(Captioned web image data)

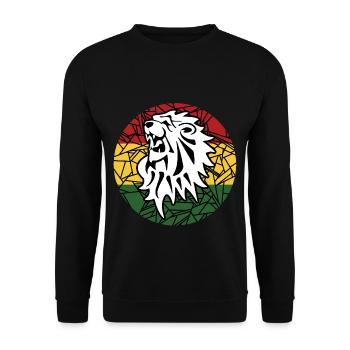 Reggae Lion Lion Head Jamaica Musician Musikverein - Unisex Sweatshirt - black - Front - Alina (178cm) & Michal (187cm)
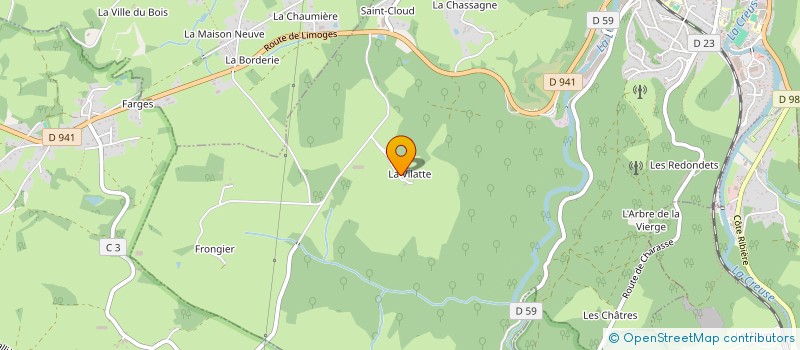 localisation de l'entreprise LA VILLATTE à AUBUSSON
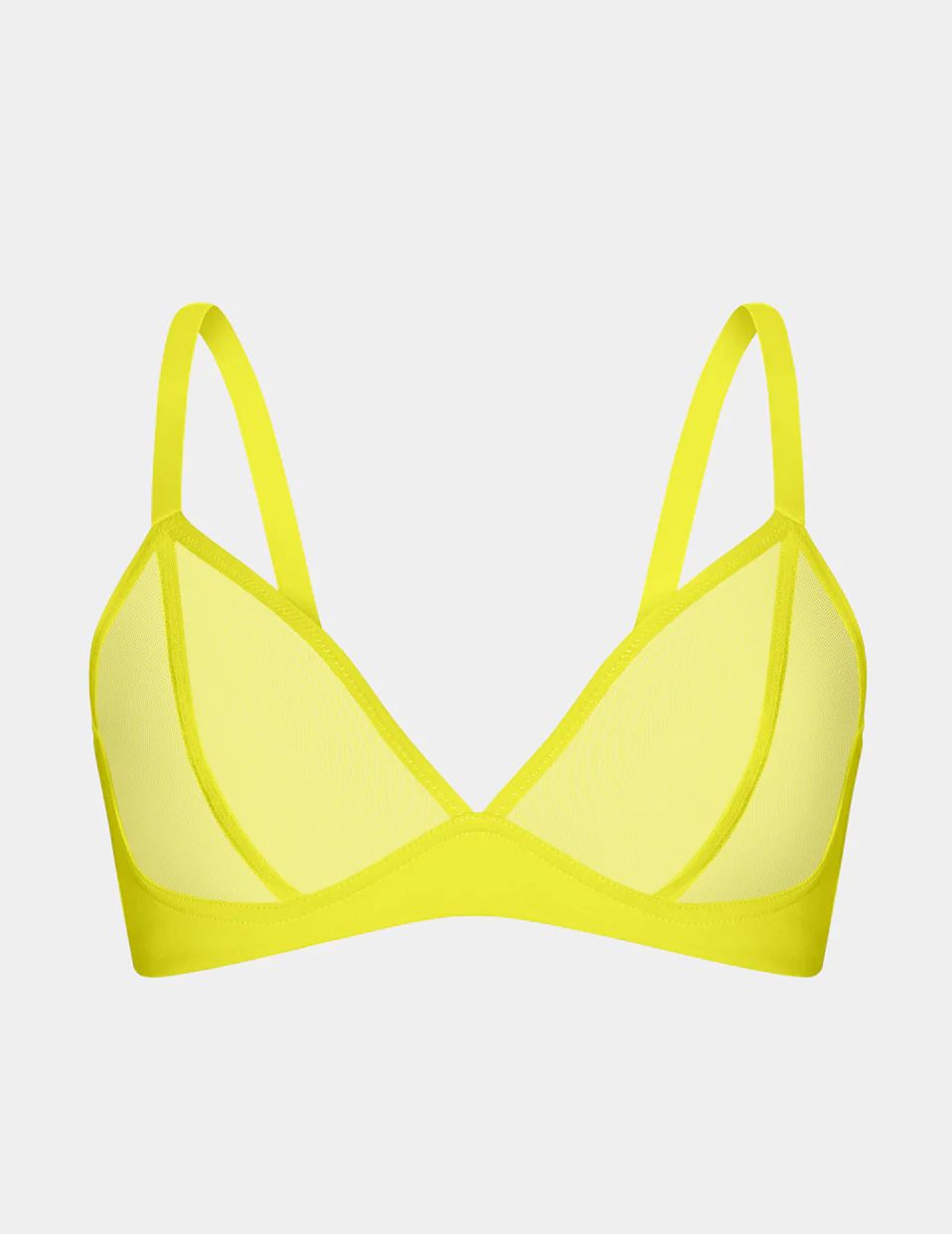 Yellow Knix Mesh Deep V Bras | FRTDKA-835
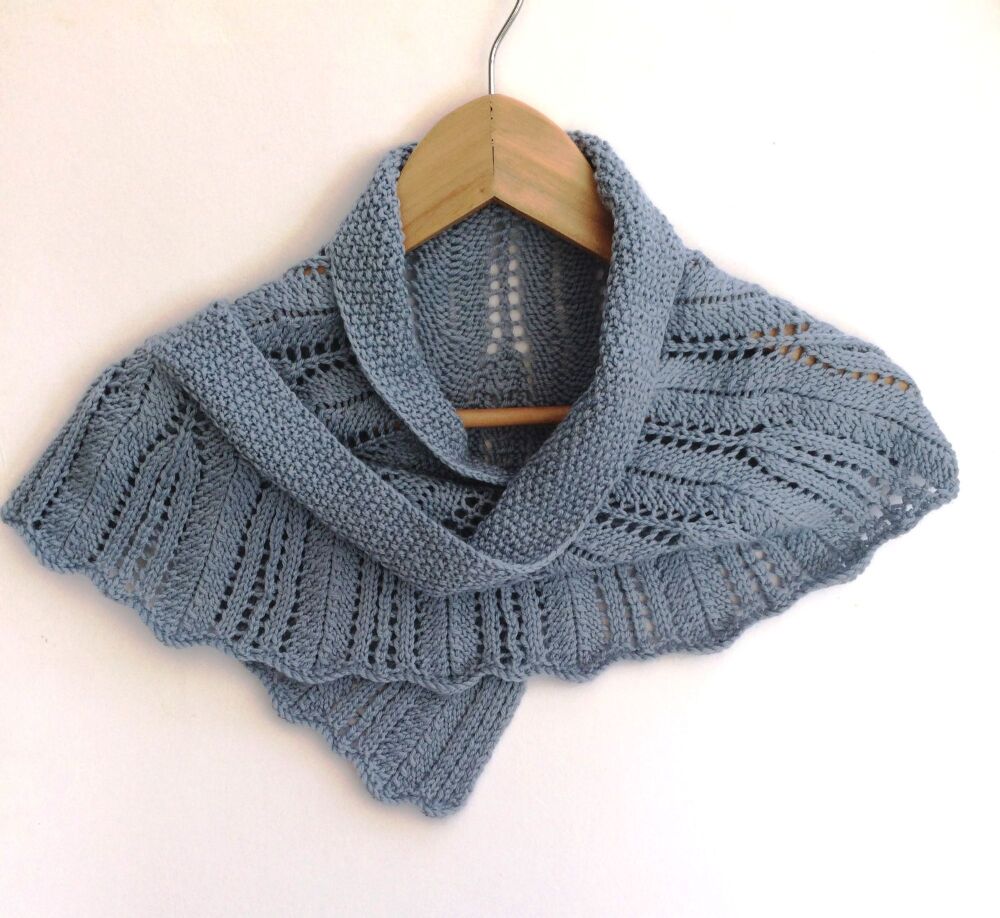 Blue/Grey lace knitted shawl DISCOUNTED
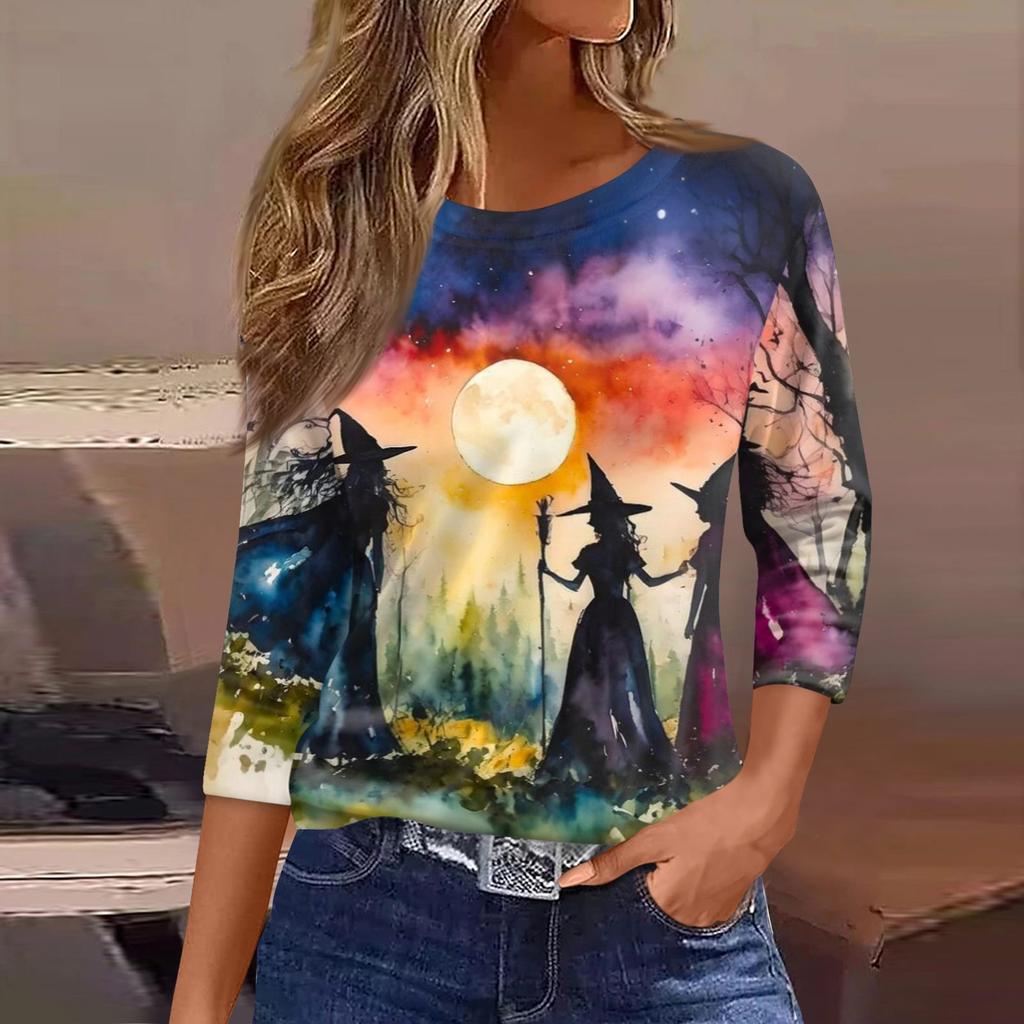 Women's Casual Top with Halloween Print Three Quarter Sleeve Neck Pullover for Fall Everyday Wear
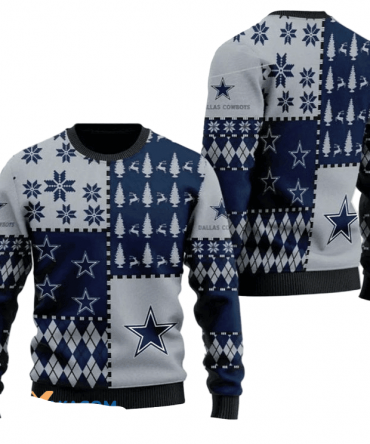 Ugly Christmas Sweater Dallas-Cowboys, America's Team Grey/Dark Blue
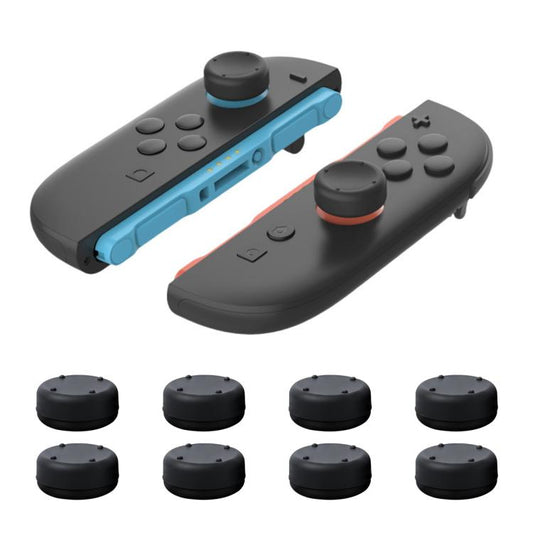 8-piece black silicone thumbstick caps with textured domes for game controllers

ASSIGNED TASK
In the transcription, every picture is to be excluded and the records above given again exactly.

TASK OUTPUT
 Reggae Lion Lion Head Jamaica Musician Musikverein - Unisex Sweatshirt - black - Front - Alina (178cm) & Michal (187cm)
 localisation de l'entreprise LA VILLATTE à AUBUSSON
 Yellow Knix Mesh Deep V Bras | FRTDKA-835
 Blue/Grey lace knitted shawl DISCOUNTED
 Women's Casual Top with Halloween Print Three Quarter Sleeve Neck Pullover for Fall Everyday Wear
 Ugly Christmas Sweater Dallas-Cowboys, America's Team Grey/Dark Blue
 8-piece black silicone thumbstick caps with textured domes for game controllers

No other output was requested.